> _TASK DESCRIPTION_
Make an exact transcript of the lines in the data below, starting with the one containing "Smiffys 80-tals Mohawk Peruk" and going on through the one containing "imageLee Womens Legendary", with both included and the pictures left out.
#### SOURCE INFORMATION
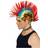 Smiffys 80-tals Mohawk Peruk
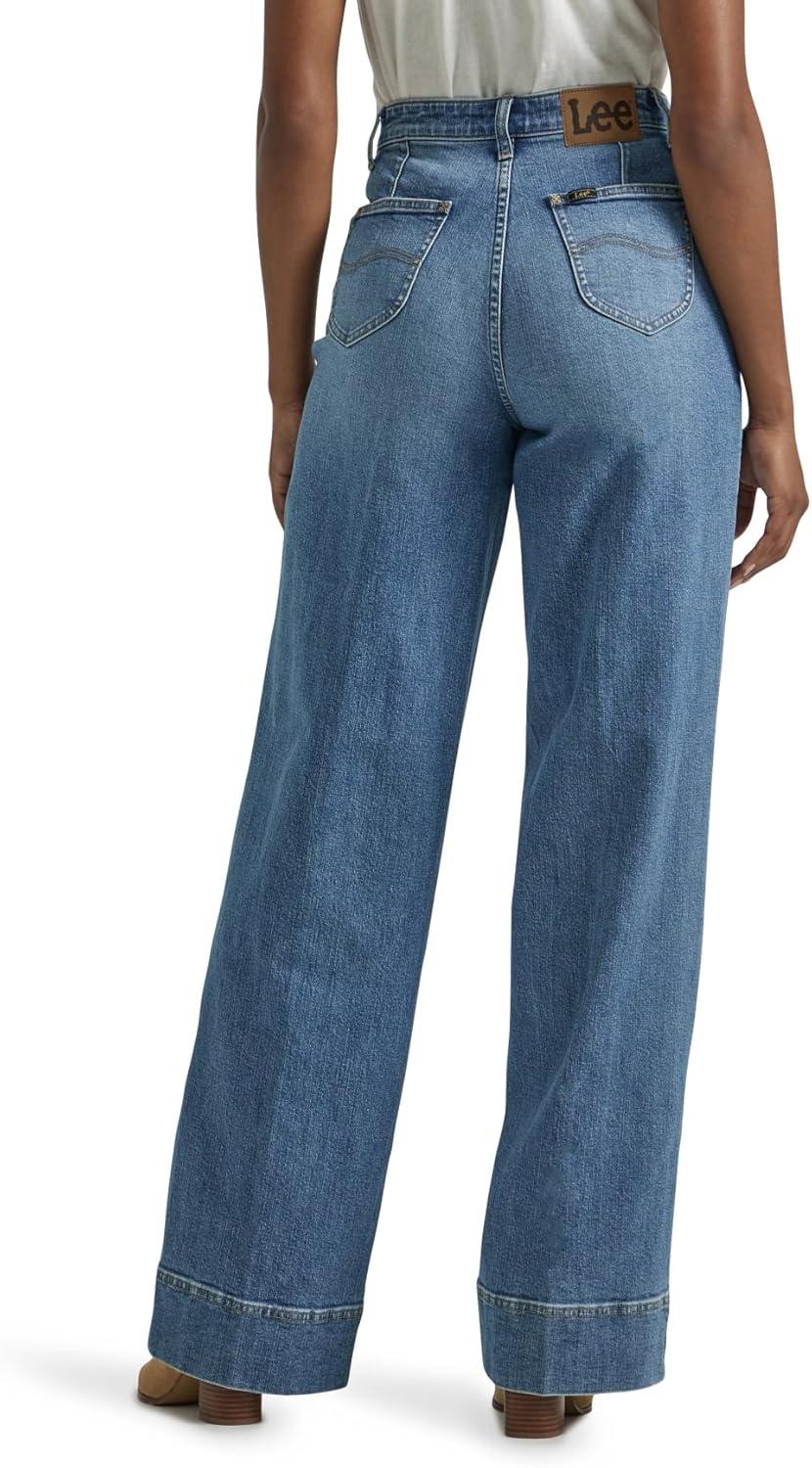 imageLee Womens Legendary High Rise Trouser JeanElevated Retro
########
#### SOURCE INFORMATION
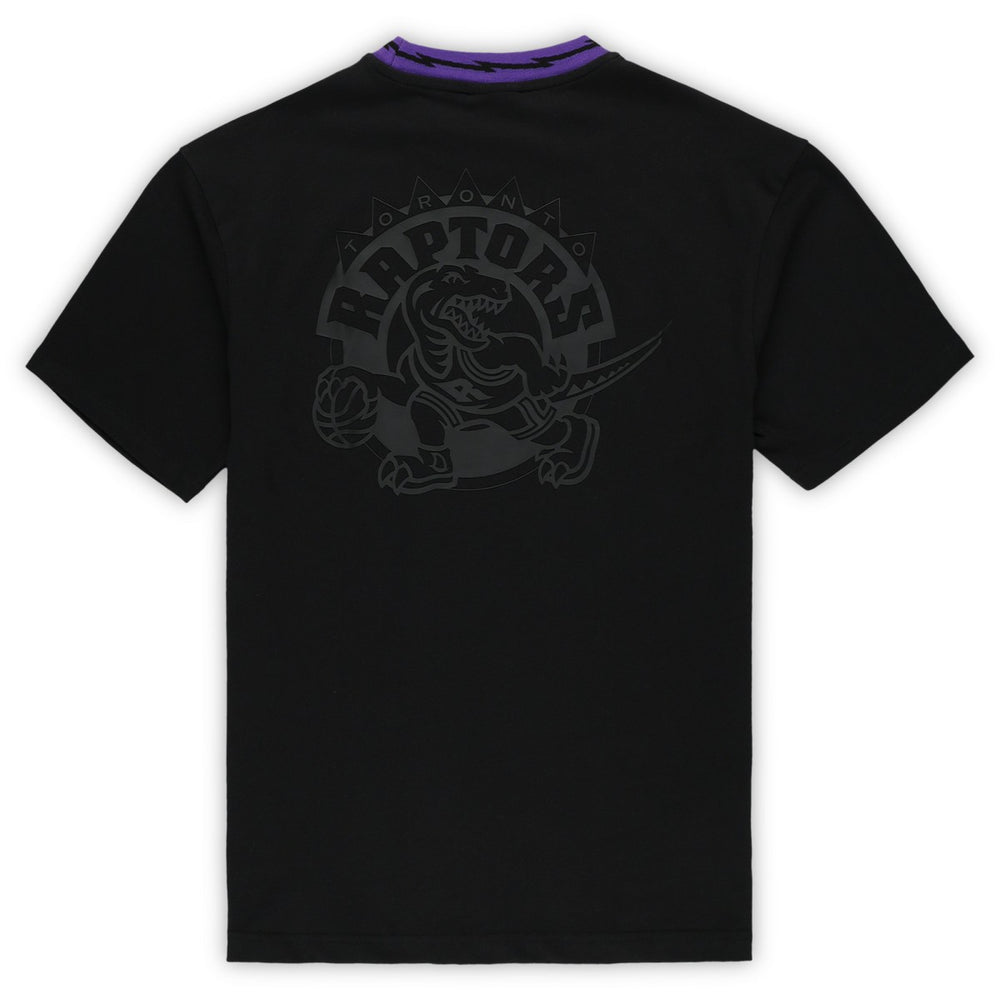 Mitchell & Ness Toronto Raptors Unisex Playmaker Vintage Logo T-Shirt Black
########
> _EXERCISE ANSWER_
 Smiffys 80-tals Mohawk Peruk
 imageLee Womens Legendary High Rise Trouser JeanElevated Retro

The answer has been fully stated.